Los ilustrados cumplían
funciones en el templo, y este último además, hacía las veces de
palacio. Dentro del Barrio Sagrado, se encontraban los graneros y las
casas de los sacerdotes. Vivían en la metrópoli, cerca de cinco mil
personas, de las cuales, la mitad eran esclavos. Todo esto, claro
está, hasta el día que el templo ardió.
Javier vio en el sueño,
tres sacerdotes vestidos de campesinos, que cruzaban la zona lindante
del Barrio Sagrado, huyendo de las llamas y el humo. Él era uno de
ellos. Un entorno de caos y sublevación dominaba las calles: saqueos
y hurtos eran el denominador común.
-Han llegado hasta los
graneros – dijo uno de ellos.
-¿Son sólo esclavos? -
preguntó otro
-Deben de ser campesinos
y primitivos también.
-¿Primitivos hasta
aquí?
-Pues sí, los
primitivos han entrado por las puertas de la ciudad.
-¿Tú crees que ellos
han incendiado el templo?
-Pues sí, deben haber
sido ellos...
El almacén mayor no
logró cerrar sus portones antes de que los agitadores llegaran. Si a
eso se sumaba el asalto a los graneros, la ciudad se quedaría
pronto sin
sus
reservas
de trigo. Pronto se oyó un estruendo y se desmoronó el ala derecha
del templo, cercano a las casas de los sacerdotes. Asustados, los
tres personajes apuraron el paso.
-¿Y tú que piensas
Nipur?
Javier al que llamaban
Nipur permaneció callado.
-¿Todavía quieres
cruzar la puerta de la ciudad y marcharte?, preguntó el que tenía
más información.
Nipur asintió.
-Tú eres imprudente.
Debes esperar ¿Dime sino a que comarca irás?
-Me iré a la zona baja
de los pescadores.
A lo que siguió una
seguidilla de réplicas, exclamaciones y lamentos para con Nipur:
“Que tú
estás desequilibrado,
que los
primitivos te atacarán en el camino,
que sería
vivir como un nómade
y finalmente, que su
destino era vivir en la urbe”.
Nada lo hizo cambiar de
opinión, al llegar a la encrucijada de la Plaza de los Olivos, Nipur
se despidió de ellos sin escrúpulos y pasó bajo la puerta de la
ciudad.
Evocó su instrucción,
su aprendizaje, su educación junto a los ilustrados.
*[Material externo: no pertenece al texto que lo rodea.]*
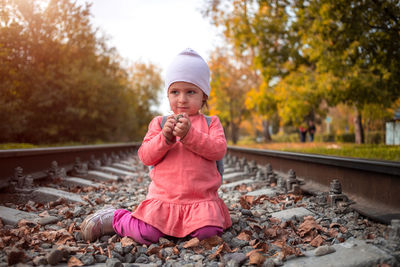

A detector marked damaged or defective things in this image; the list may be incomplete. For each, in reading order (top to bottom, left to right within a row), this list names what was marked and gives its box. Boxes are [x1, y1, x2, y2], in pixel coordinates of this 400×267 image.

rusty rail surface [0, 143, 141, 189]
rusty rail surface [228, 146, 400, 225] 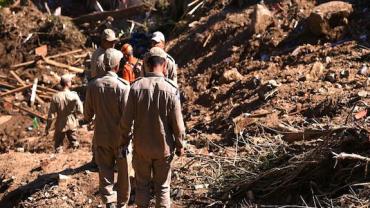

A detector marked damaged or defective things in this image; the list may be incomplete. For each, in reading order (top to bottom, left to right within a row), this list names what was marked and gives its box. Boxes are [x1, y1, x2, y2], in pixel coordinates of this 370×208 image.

broken wooden plank [72, 3, 150, 24]
broken wooden plank [9, 49, 84, 68]
broken wooden plank [41, 56, 84, 73]
broken wooden plank [9, 71, 44, 104] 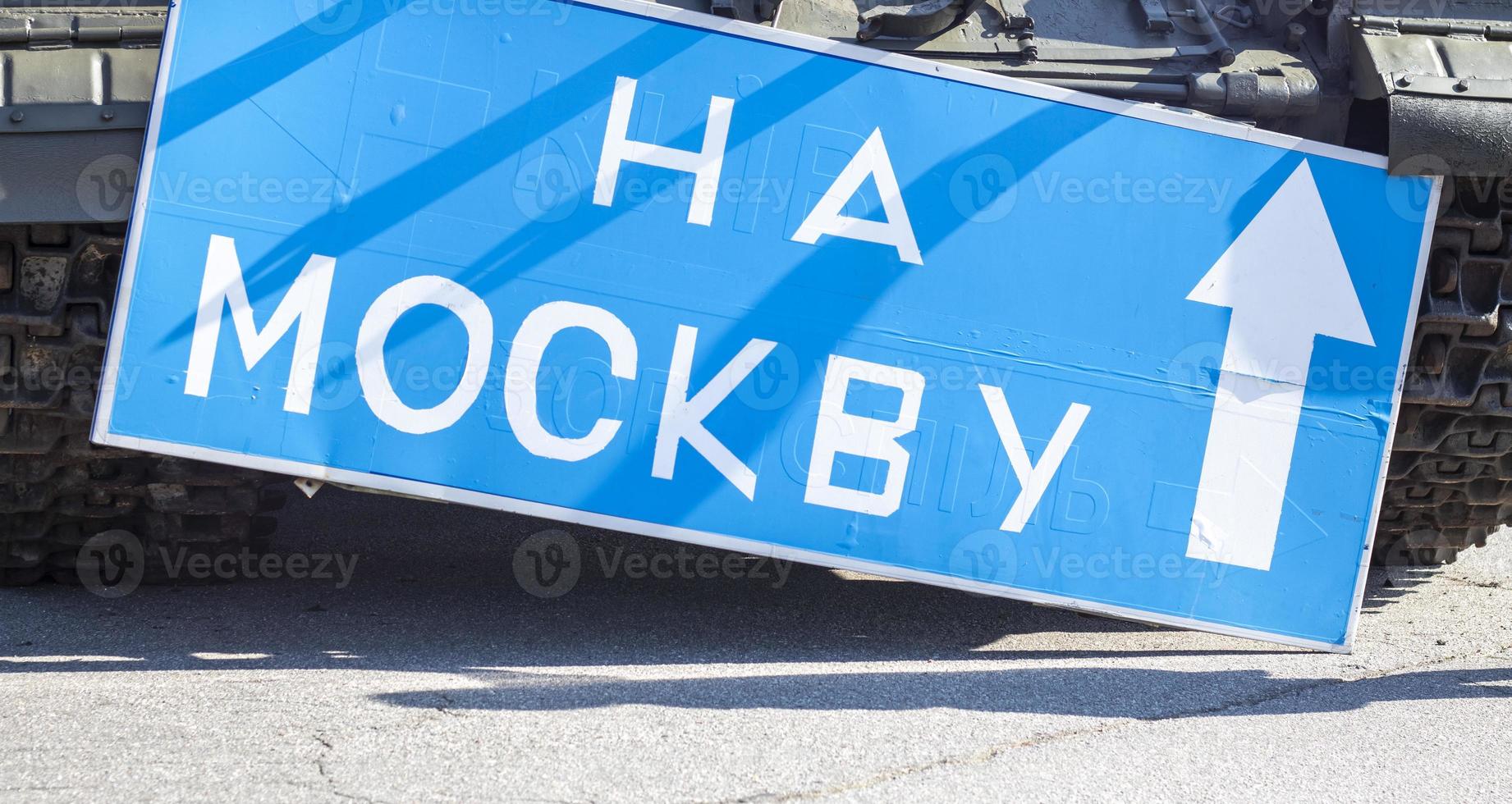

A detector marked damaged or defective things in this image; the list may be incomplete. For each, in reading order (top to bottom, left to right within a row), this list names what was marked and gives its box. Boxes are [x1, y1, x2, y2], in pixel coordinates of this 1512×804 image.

Recordó a su
amada. Vio carretas huyendo con lo que él suponía eran tesoros
sacrosantos del templo. Observó muchos a pie que corrían con
alimentos, utensilios y bolsas de monedas. Por último, miró el
templo ardiendo en lo alto de la ciudad, y sintió cómo se
incendiaban todos los valores religiosos y gran parte de la cultura
opresiva.
Caminó solo, hasta que
se hizo de noche, encontró un campamento y durmió al raso pero bajo
la protección de carretas y animales. Al día siguiente se unió a
la caravana, que bordeaba el estuario del rio y en un desvío la
dejó, desandando el camino que tan bien conocía, hacia su hogar. La
zona baja de los pescadores seguía siendo como siempre, una pequeña
aldea. Un centenar de casas agrupadas alrededor de un estrecho muelle
en esa península con olor a pescado y mucho barro. Vio las balsas
junto a la costa pedregosa. Nipur sonrió. Había pasado cinco años
de estudio, y un segundo lustro como sacerdote.
Diez
temporadas atrás, los escudos rojos de la ciudadela se habían
presentado en la aldea exigiendo toda la redada. Ante la negativa de
aquellos primitivos pescadores, que no supieron negociar por su vida,
los escudos rojos habían incendiado la aldea y matado a los que
tenían a su alcance, llevándose el botín de pesca. El mismo Nipur,
escondido detrás de maderos humeantes presenció la muerte de su
amada. Desde entonces, hasta el día que el templo ardió, se había
dedicado minuciosamente en urdir su venganza.
Ahora,
los pescadores, amarraron las barcazas y sus ocupantes se sumaron a
una de las varias hogueras encendidas en honor a él, su Campeón, el
que había vengado el asalto a sangre y fuego, la matanza
indiscriminada sucedida años atrás, el que había incendiado el
Templo. Lo sorprendieron con el agasajo, tomó un brebaje de uvas que
lo mareó, su mente se llenó de imágenes confusas, no las entendía,
se veía en un cuarto blanco con aberturas cubiertas con telas
transparentes que se movían con el aire nocturno y cuando Nipur se
asomó a una de ellas vislumbró su tierra, iluminada de manera
extraña y en la orilla muchas embarcaciones pintadas con colores
estridentes. Una mujer hermosa dormía a su lado. Le pareció
reconocer a Lea. Sus dioses se la habían devuelto como premio a su
osadía y perseverancia. Acarició su cuerpo y ella le regaló una
sonrisa dormida. Javier se volvió a dormir y soñó que le tiraban
agua a la cara, se despabiló y se encontró nuevamente con sombras
barbadas que terminaban de limpiar los restos de besugos que habían
estado asando. La música del despertador lo volvió finalmente a la
última realidad.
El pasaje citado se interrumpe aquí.